Nei suoi due discorsi al congresso fondativo del Popolo della libertà, Silvio Berlusconi ha parlato complessivamente per 2 ore e 40 minuti. Ma la frase di gran lunga più impegnativa è durata appena un paio di secondi: “Non lasceremo indietro nessuno”. È la sfida più importante che egli deve affrontare da quando 15 anni fa ha deciso di fare politica.
Il presidente del Consiglio si vanta di non avere mai licenziato nessuno nella sua attività di imprenditore: è l’uomo del fare, del crescere, e caratterialmente è un generoso, come riconoscono anche quanti non lo amano. Alla fine dell’anno scorso soffriva visibilmente per non poter mettere le mani nella cassa su cui si era seduto Giulio Tremonti: avrebbe voluto distribuire un po’ di soldi in più, magari nelle tredicesime, ma oggi bisogna ammettere che la prudenza del nostro Tesoro è stata finora la scelta migliore, riconosciuta anche nell’ultimo rapporto dell’Ocse.
Non lasciare indietro nessuno, dunque: che vuol dire in concreto? Un esempio di solidarietà lo ha dato la Chiesa che salverà il bilancio di 20-30 mila famiglie numerose o con ammalati a carico garantendo un prestito mensile di 500 euro per 12 o 24 mesi, con restituzione dilazionata a cinque anni a tassi contenuti. È ragionevole pensare che Berlusconi (con strumenti tecnici diversi) punti a qualcosa di analogo perché nessuna persona che perde il lavoro debba trovarsi completamente scoperta.
La valutazione Ocse del 9 marzo quotava la disoccupazione italiana al 6,7 per cento, contro l’8,4 per cento europeo. Venti giorni dopo (31 marzo) è salita al 9,2 per cento per quest’anno e al 10,7 per l’anno prossimo. Il dato è di un punto migliore dell’area euro ed è sostanzialmente equivalente a quello degli Stati Uniti. I numeri degli economisti vanno presi con le molle. È antica tradizione che, salvo luminose e rare eccezioni, non abbiano mai azzeccato le previsioni più importanti, a cominciare dalla gigantesca crisi in atto.
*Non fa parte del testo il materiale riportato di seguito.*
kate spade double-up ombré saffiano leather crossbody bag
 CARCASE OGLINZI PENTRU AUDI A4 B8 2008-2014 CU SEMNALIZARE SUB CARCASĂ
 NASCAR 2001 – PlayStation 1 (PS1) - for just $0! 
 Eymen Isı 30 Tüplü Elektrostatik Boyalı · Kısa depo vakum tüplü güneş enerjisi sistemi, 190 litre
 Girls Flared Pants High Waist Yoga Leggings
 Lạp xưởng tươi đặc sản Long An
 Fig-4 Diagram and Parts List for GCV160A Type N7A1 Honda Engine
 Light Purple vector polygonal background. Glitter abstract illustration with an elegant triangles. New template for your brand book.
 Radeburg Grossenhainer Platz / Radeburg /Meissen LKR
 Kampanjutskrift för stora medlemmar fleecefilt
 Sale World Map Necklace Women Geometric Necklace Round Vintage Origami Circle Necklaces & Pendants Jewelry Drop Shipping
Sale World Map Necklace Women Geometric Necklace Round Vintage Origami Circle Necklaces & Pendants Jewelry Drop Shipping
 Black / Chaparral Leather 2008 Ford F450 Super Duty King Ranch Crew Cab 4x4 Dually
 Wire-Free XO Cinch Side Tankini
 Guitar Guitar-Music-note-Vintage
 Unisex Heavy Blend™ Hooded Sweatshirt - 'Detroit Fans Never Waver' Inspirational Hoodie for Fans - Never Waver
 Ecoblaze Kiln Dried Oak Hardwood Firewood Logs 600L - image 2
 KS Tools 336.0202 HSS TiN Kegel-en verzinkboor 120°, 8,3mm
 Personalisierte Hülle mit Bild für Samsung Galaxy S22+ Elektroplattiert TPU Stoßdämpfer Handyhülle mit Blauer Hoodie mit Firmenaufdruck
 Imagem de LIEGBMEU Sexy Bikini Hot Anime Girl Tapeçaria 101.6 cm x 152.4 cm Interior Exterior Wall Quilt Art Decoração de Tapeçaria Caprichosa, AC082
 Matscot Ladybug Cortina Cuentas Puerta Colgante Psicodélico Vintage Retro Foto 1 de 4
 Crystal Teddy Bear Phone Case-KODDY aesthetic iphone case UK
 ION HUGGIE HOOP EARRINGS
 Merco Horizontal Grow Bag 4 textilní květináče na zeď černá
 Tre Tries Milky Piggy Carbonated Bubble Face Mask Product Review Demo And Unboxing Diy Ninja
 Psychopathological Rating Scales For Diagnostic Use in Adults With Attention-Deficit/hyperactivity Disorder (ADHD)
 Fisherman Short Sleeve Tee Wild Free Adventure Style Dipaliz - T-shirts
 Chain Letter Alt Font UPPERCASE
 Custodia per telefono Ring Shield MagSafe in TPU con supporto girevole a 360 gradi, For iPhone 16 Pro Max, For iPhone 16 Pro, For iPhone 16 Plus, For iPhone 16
Previsioni contraddittorie e in rapido mutamento servono a poco. Meglio guardare alla realtà e tenere i soldi pronti per intervenire.
A questo proposito, è possibile che stavolta Berlusconi convinca il suo ministro dell’Economia a sfondare i tetti dell’indebitamento per non lasciare tanta gente senza reddito. L’idea di portare la cassa integrazione fino alla copertura integrale del reddito, l’ipotesi di garantire un triennio di esenzione fiscale alle nuove imprese, un adeguato fondo di garanzia per attenuare i rischi delle banche nell’ampliamento dei prestiti vanno in questa direzione, insieme ovviamente a interventi solidi per i lavoratori a tempo determinato che perderanno il posto senza paracadute.
Il “non lasceremo nessuno indietro” è una promessa che non può essere elusa e che richiede interventi adeguati, costi quel che costi. La situazione patrimoniale italiana (la pubblica e la privata messe insieme) è tale da rendere improbabile una fuga internazionale dai nostri titoli di Stato.
Naturalmente la barca va se si rema tutti insieme. Lo sciopero proclamato dalla Cgil per il 4 aprile rischia di allontanare ancor di più il principale sindacato italiano da un riformismo adeguato ai tempi.
Ma sono anche le imprese a dover fare l’esame di coscienza. La Federprogetti, che riunisce le grandi società di ingegneria aderenti alla Confindustria, ha calcolato che su tre sole grandi opere (alta velocità Milano-Genova e Milano-Treviglio e il ponte sullo Stretto) sono immediatamente spendibili 3,7 miliardi equivalenti a 100 mila posti di lavoro, fra diretti e indotto. Per sbloccarli è necessario azzerare il contenzioso che da molti anni oppone allo Stato imprese edili che spesso hanno sistemato i bilanci senza muovere un mattone.
È l’ora di chiedere, ma anche l’ora di dare. Da parte di tutti.